Why don't black holes within a galaxy pull in the stars of the galaxy? visit http://www.nasa.gov/audience/forstudents/k-4/stories/what-is-a-black-hole-k4.html
If black holes can pull even light, why cant they pull the stars in the galaxy?
 A: Why would you assume they do not ? Of course they do. But as you probably know, the gravitational pull  decreases with distance (inverse square law). From a safe enough distance any other object (star, galaxy) would feel  the normal gravitational  pull  of an object of the black-hole's mass at that distance; it makes no difference to the stars if the source is a black hole or anything else.
A: This is an extremely common misconception so I will try to make my answer as simple as possible.  A black hole is black and light can't escape because of mass for a given volume (density), not because of mass alone.
Take our solar system for example.  Our sun is very massive and it pulls on all of the planets hard enough that they orbit the sun.  As long as the planet's orbits are outside the sun, they do not depend on the size of the sun, only its mass.  Mercury feels a greater pull from the sun because it's closer to the Sun's center of mass.  The closest we can get to the Sun's center of mass is the surface of the sun itself.  If the sun were to shrink in size then it would be possible to get even close to the Sun's center of mass and the pull from gravity would be greater.

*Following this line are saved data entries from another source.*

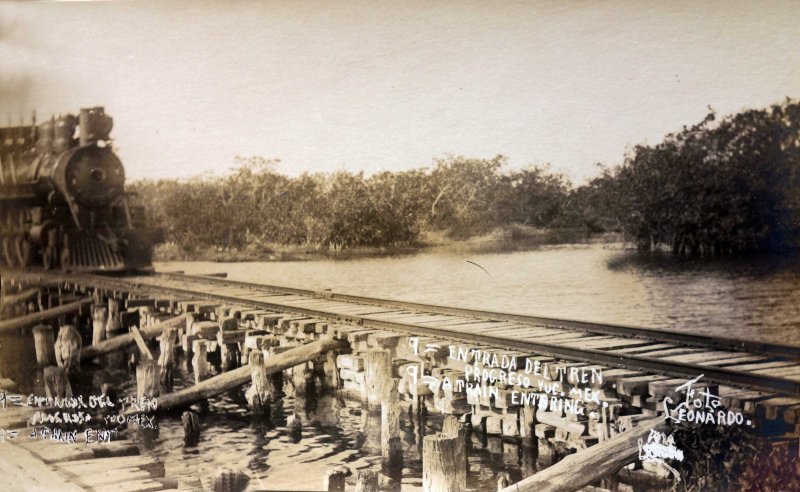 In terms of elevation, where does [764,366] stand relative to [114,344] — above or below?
above

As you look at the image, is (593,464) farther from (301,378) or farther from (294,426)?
(301,378)

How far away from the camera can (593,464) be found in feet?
14.0

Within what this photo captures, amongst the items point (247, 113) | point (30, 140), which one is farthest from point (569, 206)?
point (30, 140)

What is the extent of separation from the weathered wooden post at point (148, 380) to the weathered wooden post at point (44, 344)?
1255 millimetres

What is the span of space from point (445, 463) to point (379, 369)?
1.08 m

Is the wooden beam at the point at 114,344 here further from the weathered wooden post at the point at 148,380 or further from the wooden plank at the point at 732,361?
the wooden plank at the point at 732,361

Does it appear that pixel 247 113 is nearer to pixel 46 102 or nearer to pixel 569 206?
Result: pixel 46 102

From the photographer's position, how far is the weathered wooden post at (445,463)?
4.50m

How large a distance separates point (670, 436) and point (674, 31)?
7.78 ft

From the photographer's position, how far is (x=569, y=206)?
5.20 metres

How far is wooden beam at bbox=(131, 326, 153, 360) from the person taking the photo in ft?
22.8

Note that making the sun smaller or larger doesn't affect the pull on the planets at all because we orbit the center of mass of the Sun, not the Sun's surface.  If the Sun were to shrink the Earth wouldn't notice a change in gravity at all.  If the Sun were to continue to shrink smaller and smaller, there would be a point where the surface of the Sun is so close to the center of mass of the Sun that it would collapse into a Sun-mass black hole (pretending no energy is lost in this collapse).  The Earth wouldn't notice a thing and would continue to orbit a black hole the mass of our Sun.
All stellar-collapse black holes (the ones formed in supernova) are roughly the mass of the original star (minus whatever energy and mass didn't fall into the black hole during the supernova).  Nothing outside of the black hole feels any greater pull than before when there was a star in its place.
A black hole like the one at the center of our galaxy is getting bigger because stars and other objects are falling into it.  As it grows in size and mass the things orbiting it do feel a greater and greater pull.  This doesn't cause them to fall in though, it causes their orbital radius to shrink and their orbital velocity to increase.  If this were to continue then eventually the black hole would grow in size and mass enough to envelope the things orbiting it.